● **EXERCISE DIRECTIONS**:
Could you copy exactly the lines below from the one with "2023 Chevrolet Blazer" to the one with "Holiday home Pool, Exercise", inclusive, leaving out any pictures?

── RECORDS SHOWN

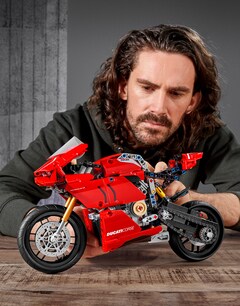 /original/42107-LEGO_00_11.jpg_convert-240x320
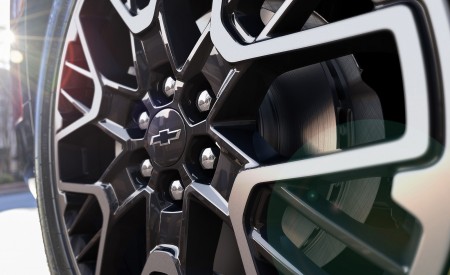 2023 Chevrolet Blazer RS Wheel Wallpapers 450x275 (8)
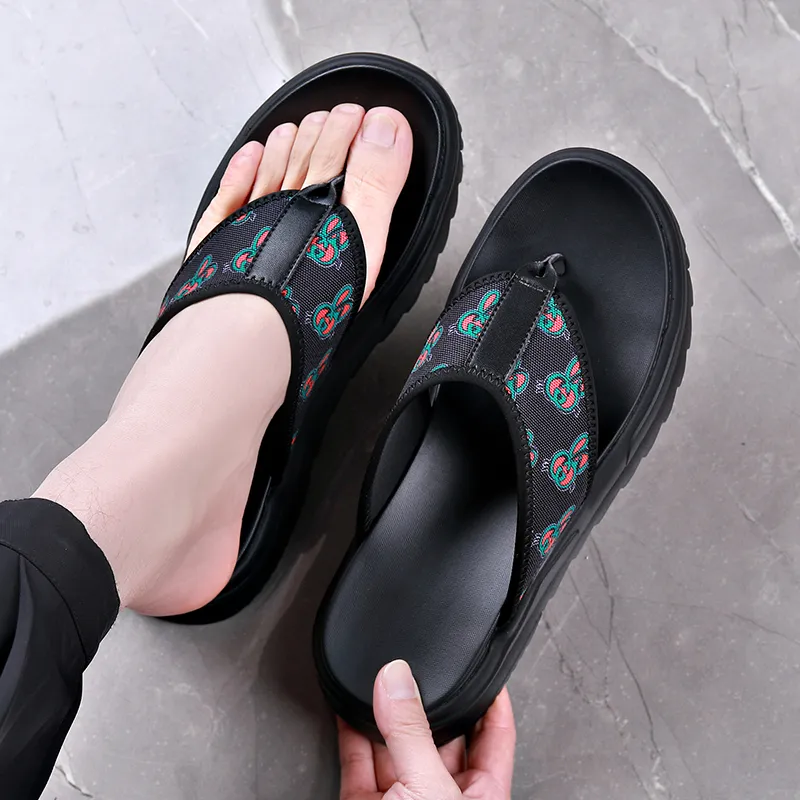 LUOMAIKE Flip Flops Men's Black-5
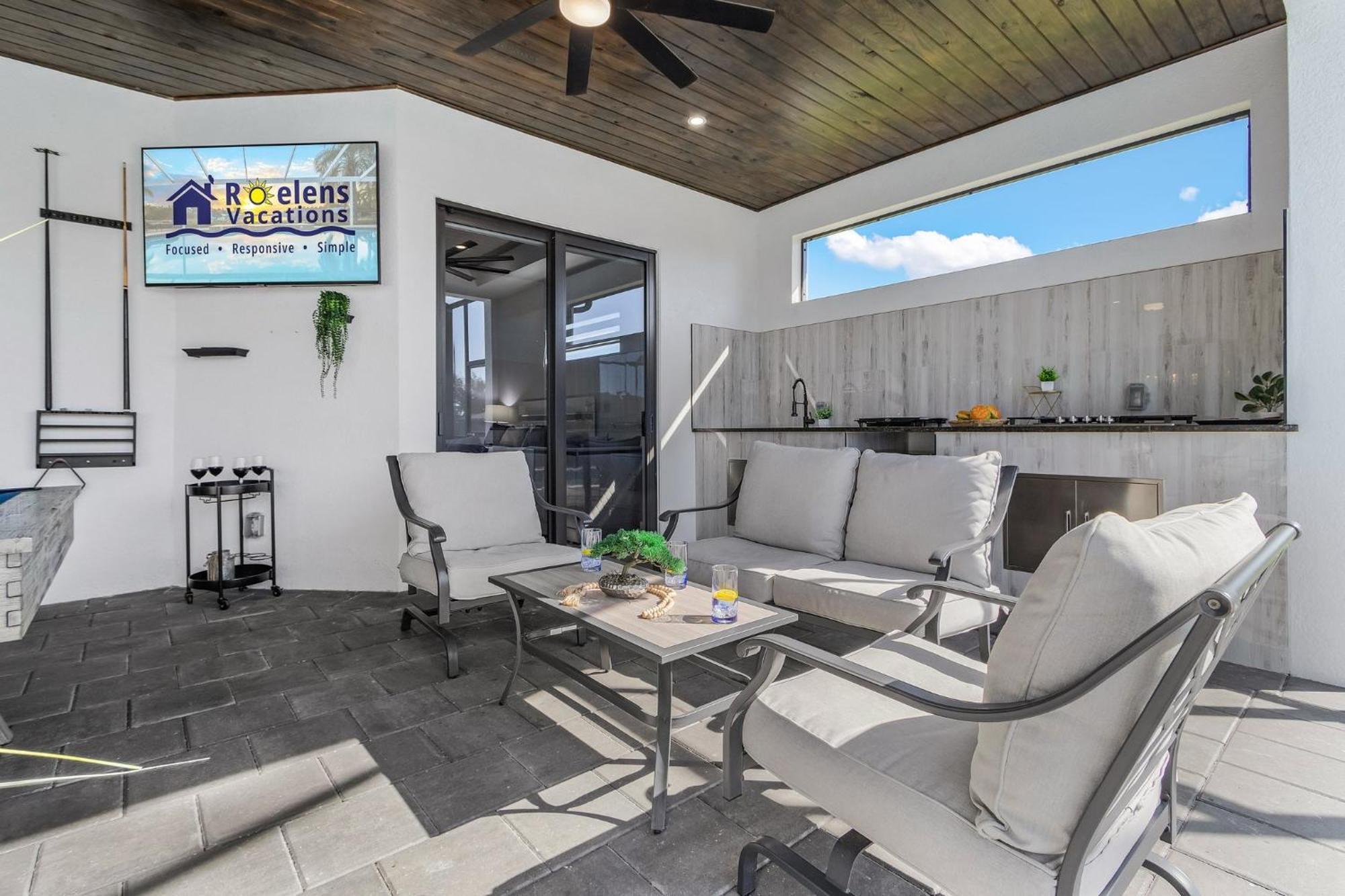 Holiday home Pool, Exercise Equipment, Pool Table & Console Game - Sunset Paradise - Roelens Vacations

────
── RECORDS SHOWN

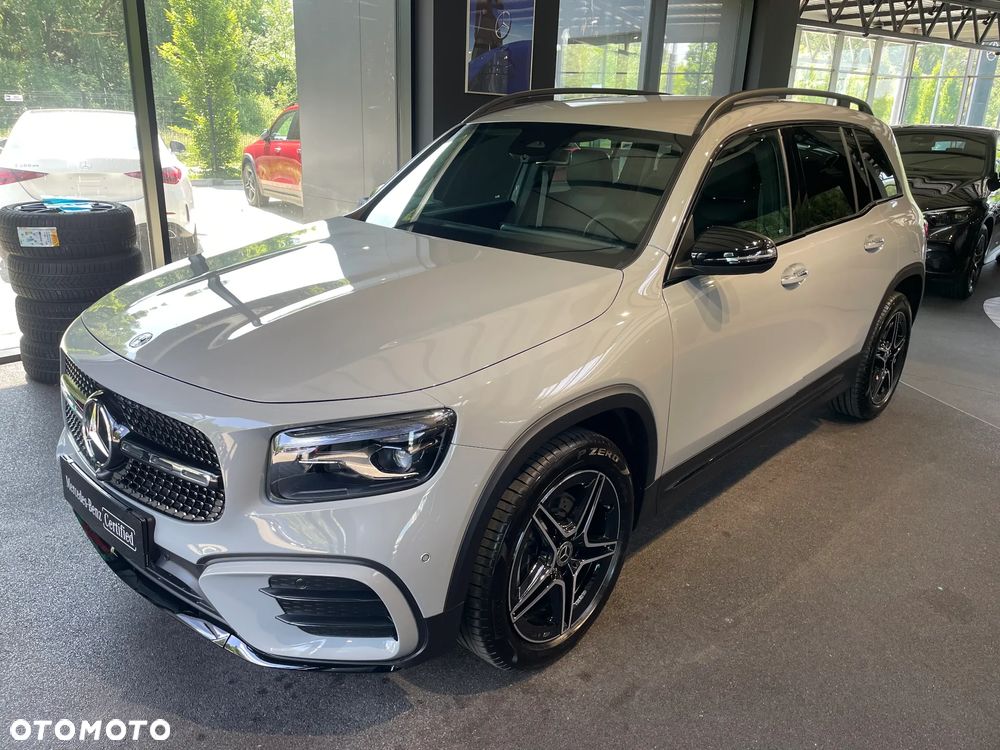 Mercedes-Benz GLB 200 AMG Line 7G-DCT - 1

────

● **EXERCISE RESULT**:
 2023 Chevrolet Blazer RS Wheel Wallpapers 450x275 (8)
 LUOMAIKE Flip Flops Men's Black-5
 Holiday home Pool, Exercise Equipment, Pool Table & Console Game - Sunset Paradise - Roelens Vacations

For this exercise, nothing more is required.